Query classification picks a hint: automatically from the content of the incoming message — no LLM call is made; matching is pure string comparison. Rules are evaluated in priority order.

[query_classification]
enabled = true
[[query_classification.rules]]
hint = "reasoning"
keywords = ["explain", "analyze", "why"]
min_length = 200
priority = 10
[[query_classification.rules]]
hint = "fast"
keywords = ["hi", "hello", "thanks"]
max_length = 50
KeyTypeDefaultMeaning
enabledboolfalseMaster switch for classification.
rulesarray[]Rules, evaluated highest-priority first.

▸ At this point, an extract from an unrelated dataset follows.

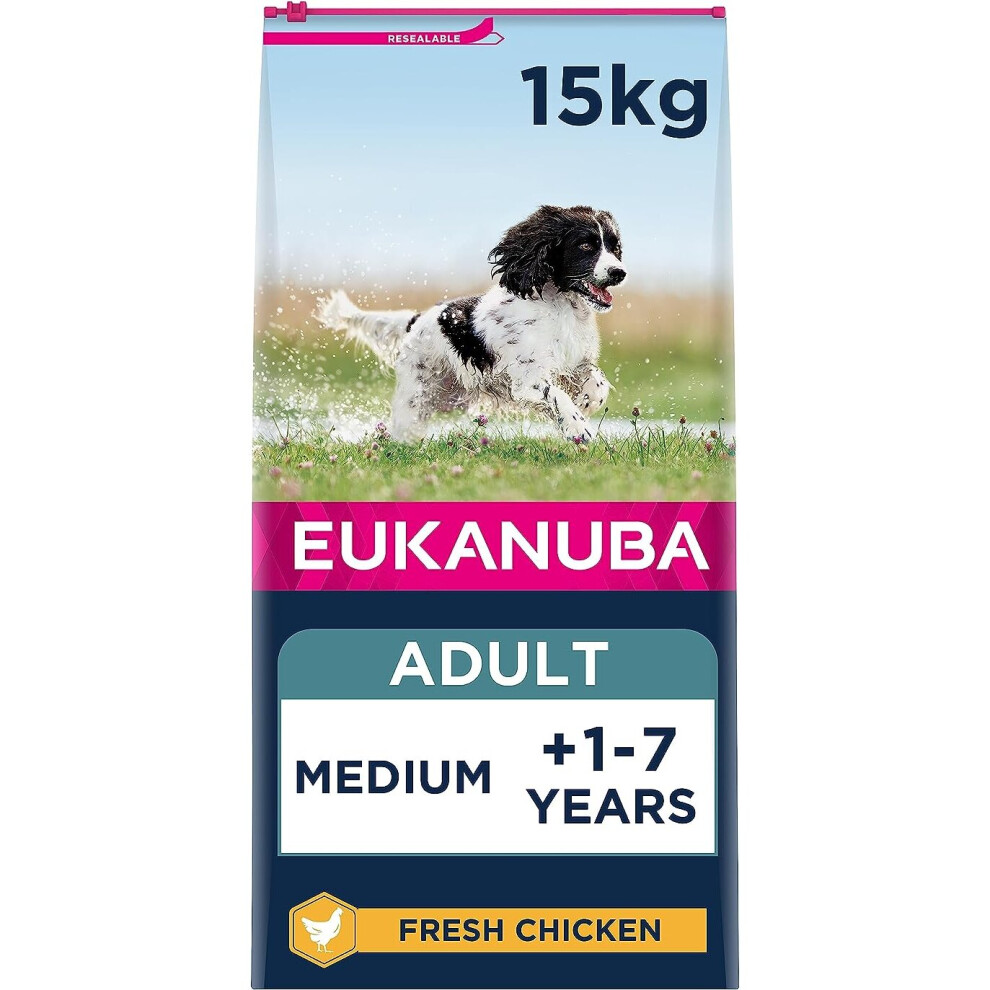 Eukanuba Complete Dry Dog Food For Adult Medium Breeds With Fresh Chicken 15 Kg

Each rule under [[query_classification.rules]]:

KeyTypeDefaultMeaning
hintstringrequiredMust match a configured [[model_routes]] hint.
keywordsarray[]Case-insensitive substring matches.
patternsarray[]Case-sensitive literal matches (e.g. code fences).
min_lengthintunsetMatch only when the message is at least N characters.
max_lengthintunsetMatch only when the message is at most N characters.
priorityint0Higher priority is checked first.

The [runtime] section controls execution mode and the model reasoning/thinking toggle. The reasoning fields feed every provider as part of its per-request options.

[runtime]
reasoning_enabled = true # or false; unset = provider defaults
reasoning_effort = "high" # minimal | low | medium | high | xhigh
KeyTypeDefaultMeaning
reasoning_enabledbool?unsetToggle extended thinking. Env REVKA_REASONING_ENABLED / REASONING_ENABLED. For Ollama this sends think: true/false.
reasoning_effortstring?unsetReasoning effort: minimal, low, medium, high, xhigh. Used by Codex and other effort-aware models.

The [identity] section selects the identity-document format injected into system prompts: OpenClaw (the default style) or AIEOS.

[identity]
format = "aieos"
aieos_path = "identity.json" # workspace-relative
# or inline:
# aieos_inline = '{"name": "Revka", ...}'
KeyMeaning
formatIdentity document format (openclaw or aieos).
aieos_pathWorkspace-relative path to an AIEOS identity JSON file.
aieos_inlineInline AIEOS identity JSON, as an alternative to aieos_path.

The primary agent can hand work to named sub-agents and swarms. These live in their own sections but interact with the loop settings above:

  • [agents.<name>] — delegate sub-agent configs (provider, model, agentic, allowed_tools, max_iterations, timeouts). [operator] can override agent.max_tool_iterations for operator sessions. See Agents, teams & swarms.
  • [swarms.<name>] — coordinated groups of agents with sequential, parallel, or router strategy.